What to work on:
Omitting the pictures, print every line below exactly as it stands.

*** Block opens ***

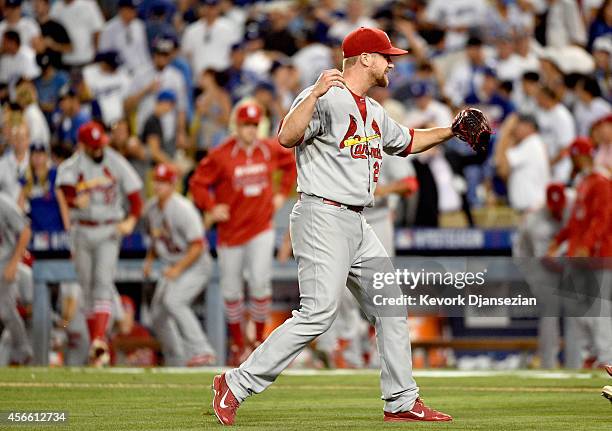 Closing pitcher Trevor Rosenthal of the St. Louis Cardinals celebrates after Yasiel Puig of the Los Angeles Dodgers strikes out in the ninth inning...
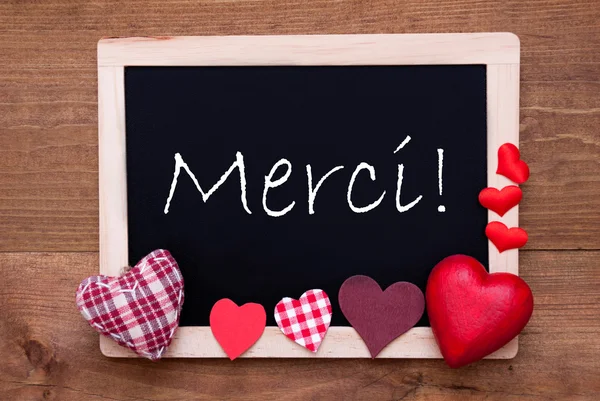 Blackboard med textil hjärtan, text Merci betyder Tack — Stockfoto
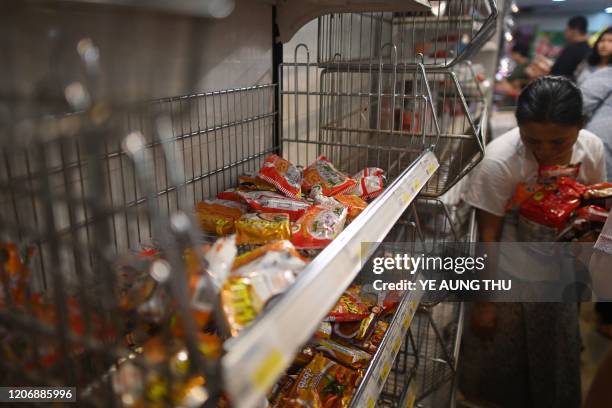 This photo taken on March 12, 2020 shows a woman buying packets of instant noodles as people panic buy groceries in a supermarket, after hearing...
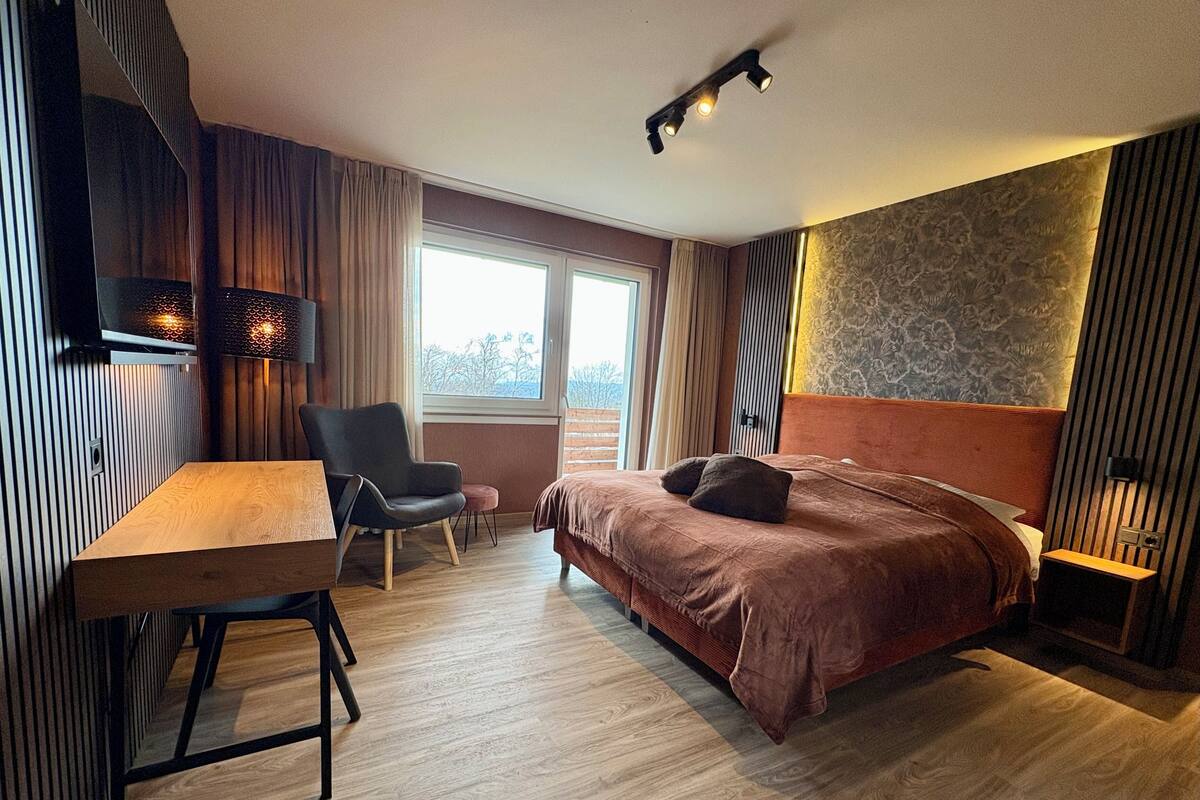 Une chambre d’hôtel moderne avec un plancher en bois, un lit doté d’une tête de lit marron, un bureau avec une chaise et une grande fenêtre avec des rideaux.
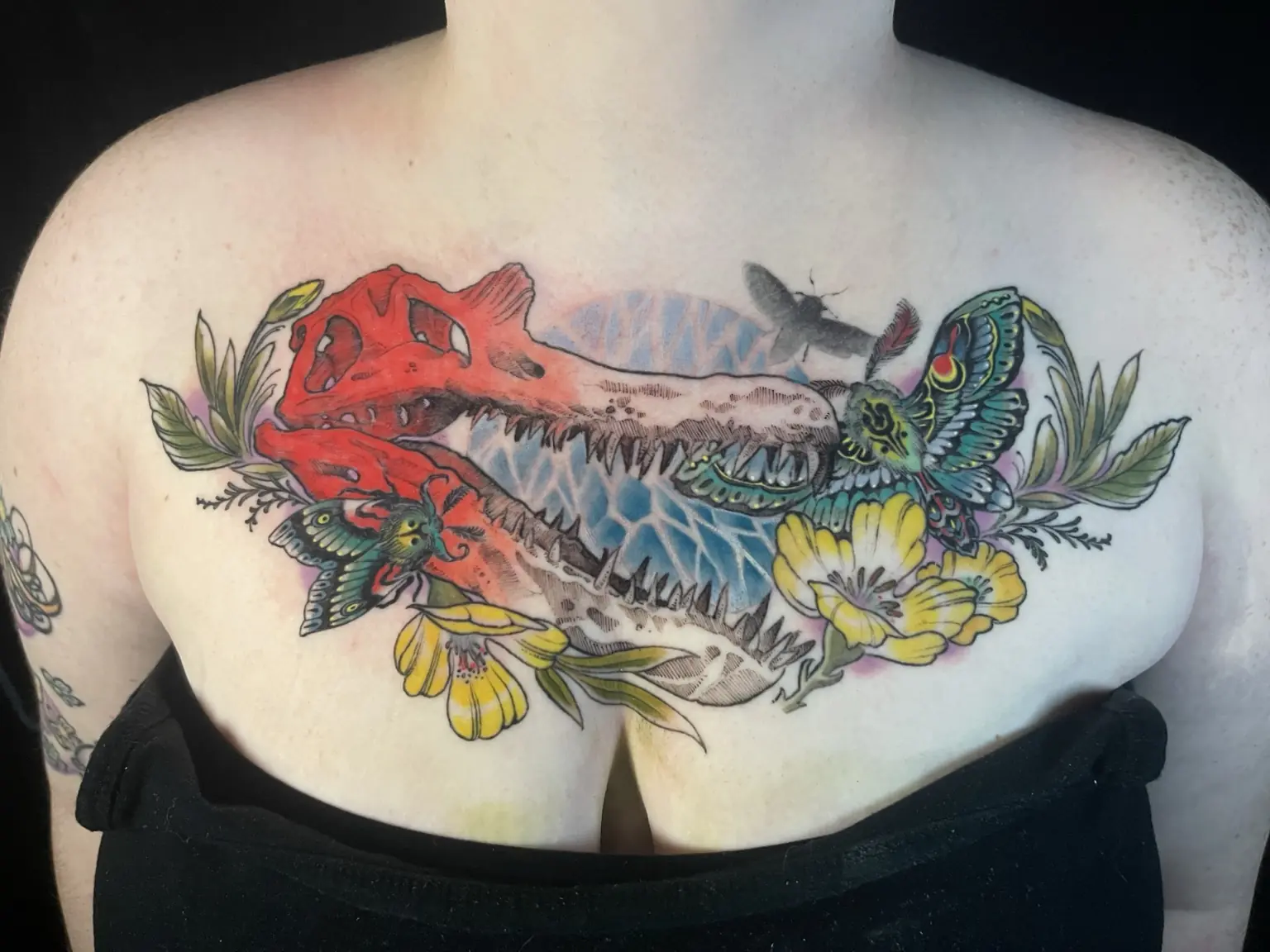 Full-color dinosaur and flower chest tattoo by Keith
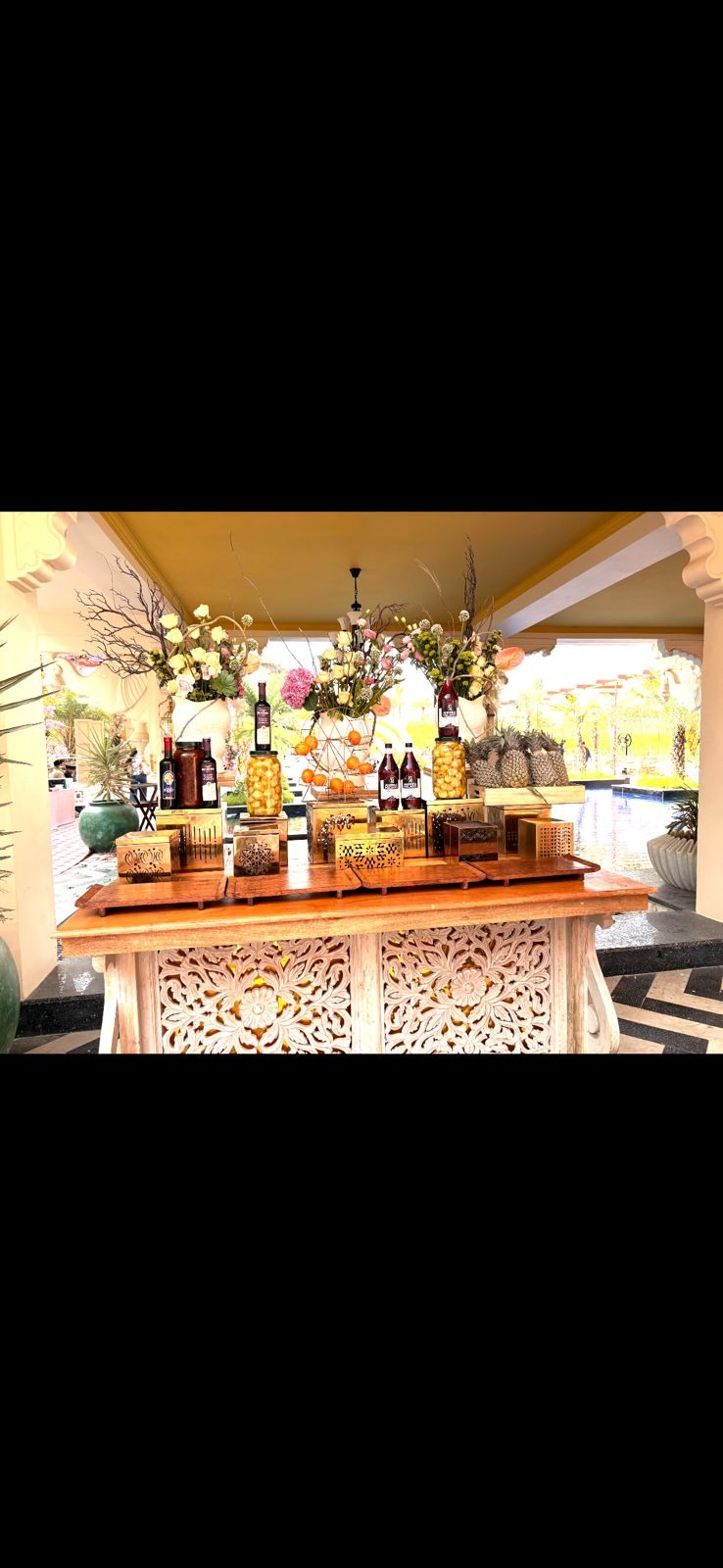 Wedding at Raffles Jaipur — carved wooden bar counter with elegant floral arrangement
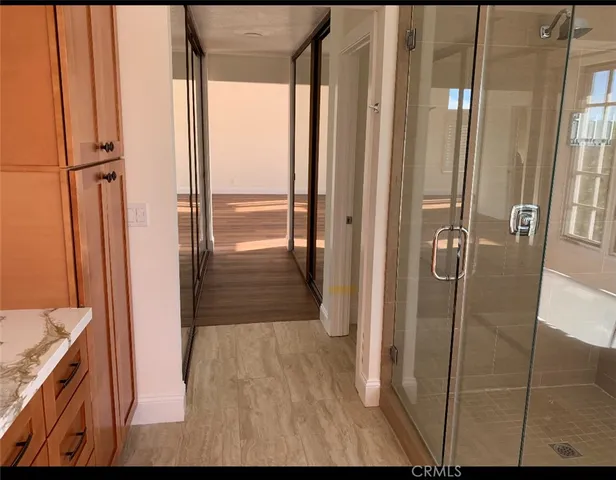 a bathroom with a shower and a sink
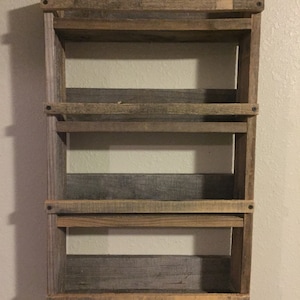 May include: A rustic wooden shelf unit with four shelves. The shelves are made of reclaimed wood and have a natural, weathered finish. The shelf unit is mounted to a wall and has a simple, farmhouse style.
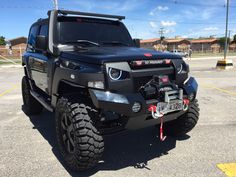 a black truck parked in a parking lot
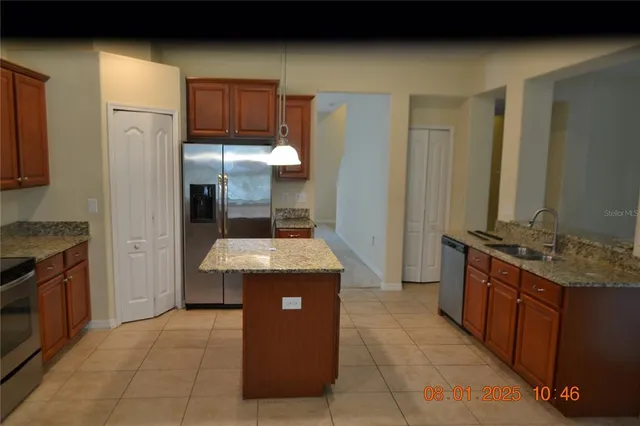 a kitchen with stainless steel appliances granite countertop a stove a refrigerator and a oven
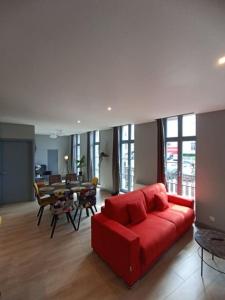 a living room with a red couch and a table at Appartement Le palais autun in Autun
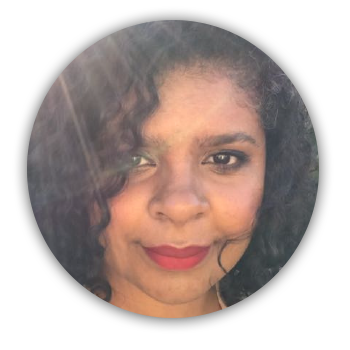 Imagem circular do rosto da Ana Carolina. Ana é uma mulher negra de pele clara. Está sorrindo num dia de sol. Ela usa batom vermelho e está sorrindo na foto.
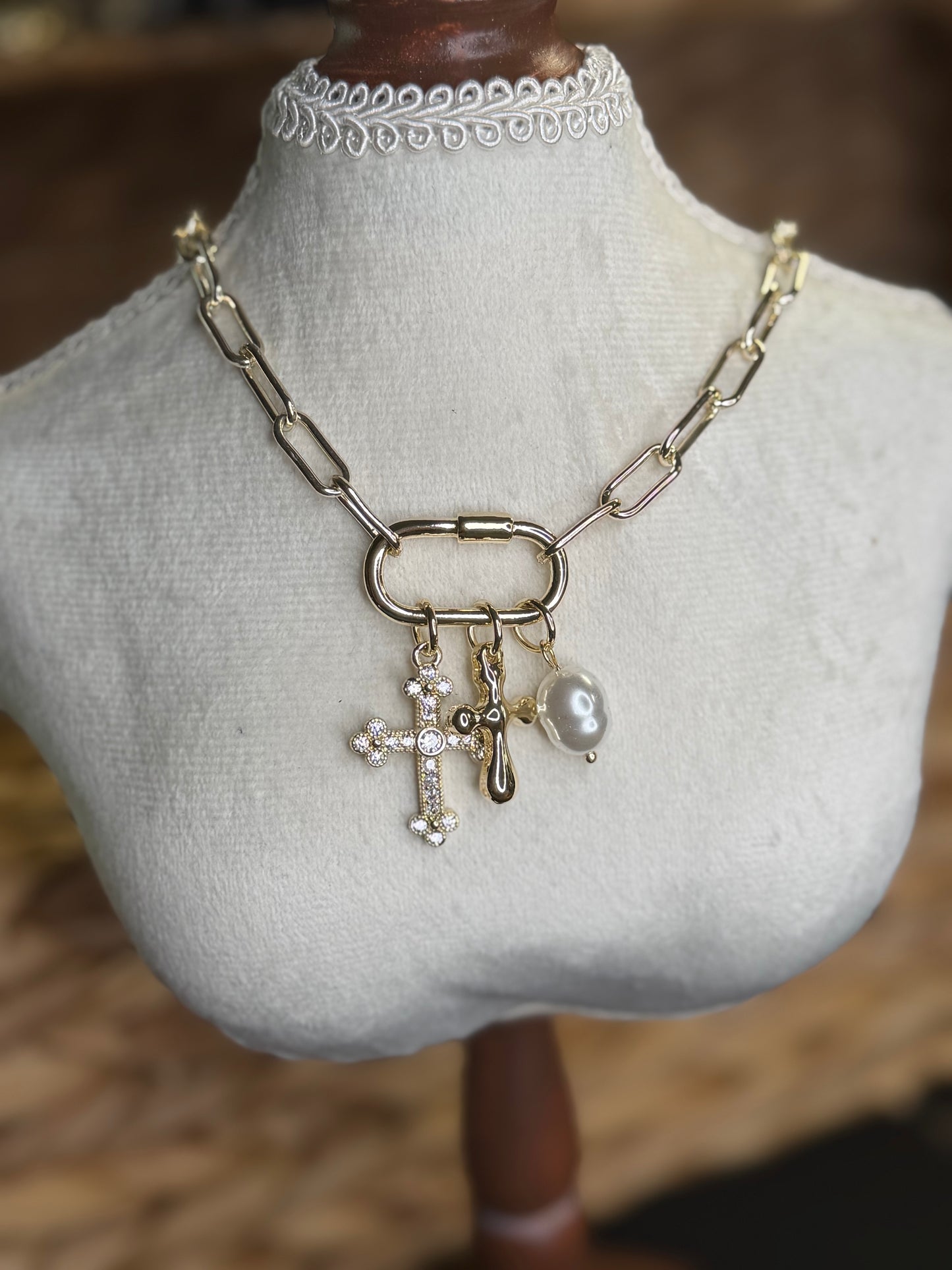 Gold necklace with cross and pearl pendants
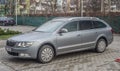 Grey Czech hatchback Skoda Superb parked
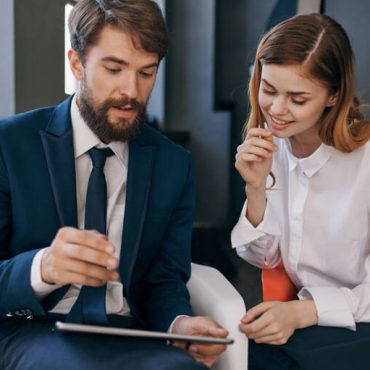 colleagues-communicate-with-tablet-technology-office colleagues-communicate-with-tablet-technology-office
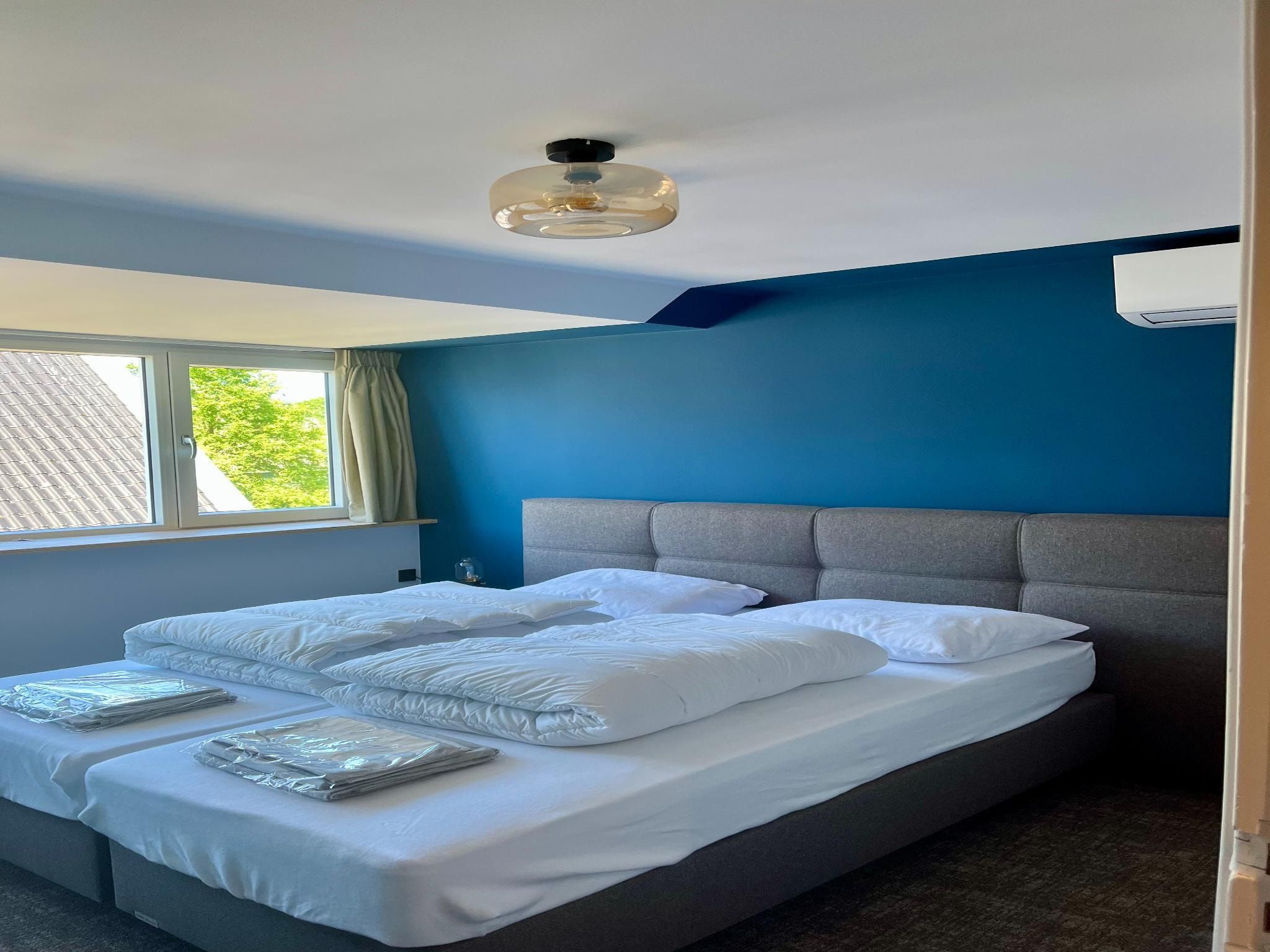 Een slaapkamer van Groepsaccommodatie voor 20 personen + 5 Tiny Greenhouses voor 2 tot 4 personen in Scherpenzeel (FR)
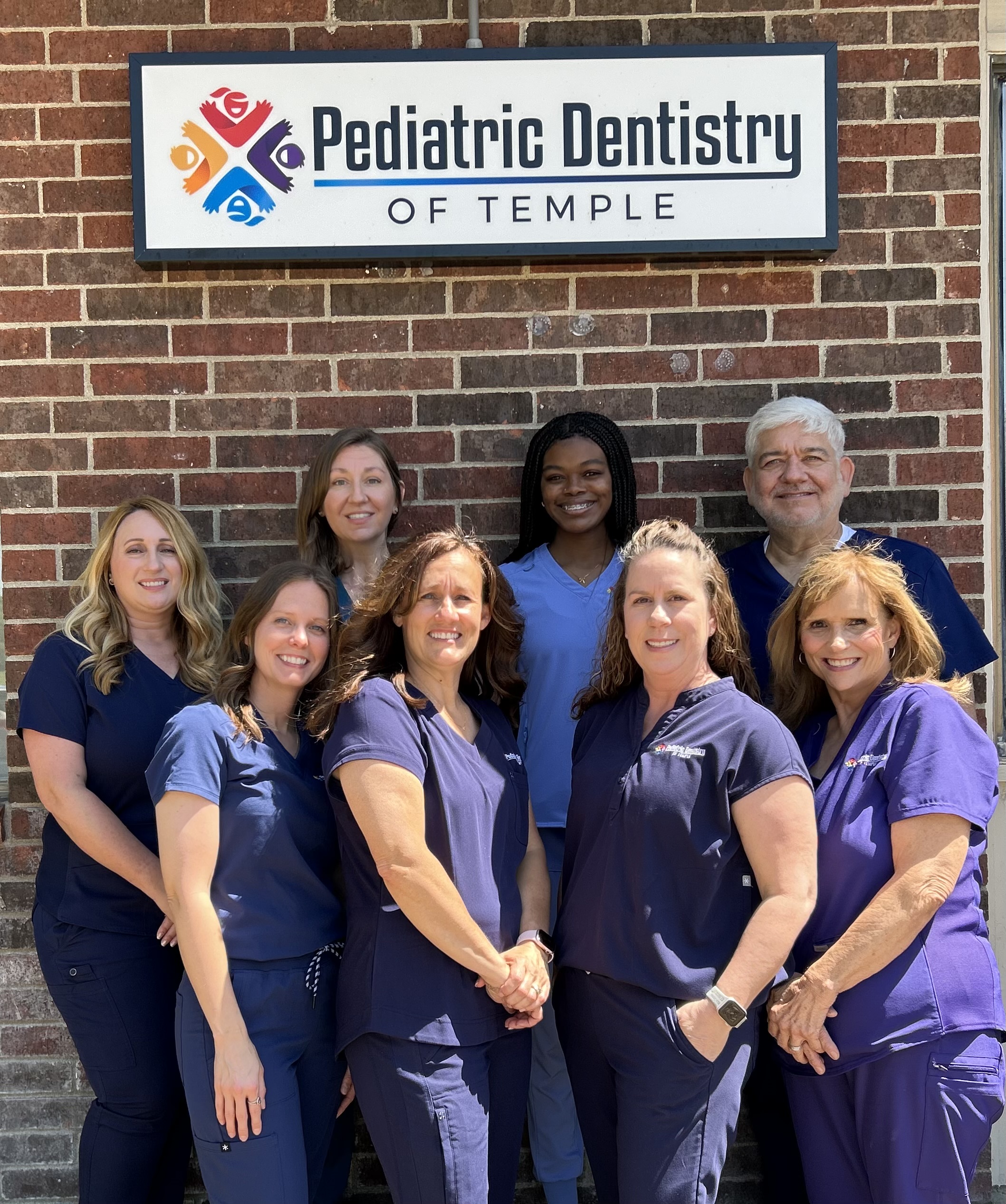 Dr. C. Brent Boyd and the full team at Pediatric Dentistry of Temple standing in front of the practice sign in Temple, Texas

*** Block closes ***

Answer to the exercise:
 Closing pitcher Trevor Rosenthal of the St. Louis Cardinals celebrates after Yasiel Puig of the Los Angeles Dodgers strikes out in the ninth inning...
 Blackboard med textil hjärtan, text Merci betyder Tack — Stockfoto
 This photo taken on March 12, 2020 shows a woman buying packets of instant noodles as people panic buy groceries in a supermarket, after hearing...
 Une chambre d’hôtel moderne avec un plancher en bois, un lit doté d’une tête de lit marron, un bureau avec une chaise et une grande fenêtre avec des rideaux.
 Full-color dinosaur and flower chest tattoo by Keith
 Wedding at Raffles Jaipur — carved wooden bar counter with elegant floral arrangement
 a bathroom with a shower and a sink
 May include: A rustic wooden shelf unit with four shelves. The shelves are made of reclaimed wood and have a natural, weathered finish. The shelf unit is mounted to a wall and has a simple, farmhouse style.
 a black truck parked in a parking lot
 a kitchen with stainless steel appliances granite countertop a stove a refrigerator and a oven
 a living room with a red couch and a table at Appartement Le palais autun in Autun
 Imagem circular do rosto da Ana Carolina. Ana é uma mulher negra de pele clara. Está sorrindo num dia de sol. Ela usa batom vermelho e está sorrindo na foto.
 Gold necklace with cross and pearl pendants
 Grey Czech hatchback Skoda Superb parked
 colleagues-communicate-with-tablet-technology-office colleagues-communicate-with-tablet-technology-office
 Een slaapkamer van Groepsaccommodatie voor 20 personen + 5 Tiny Greenhouses voor 2 tot 4 personen in Scherpenzeel (FR)
 Dr. C. Brent Boyd and the full team at Pediatric Dentistry of Temple standing in front of the practice sign in Temple, Texas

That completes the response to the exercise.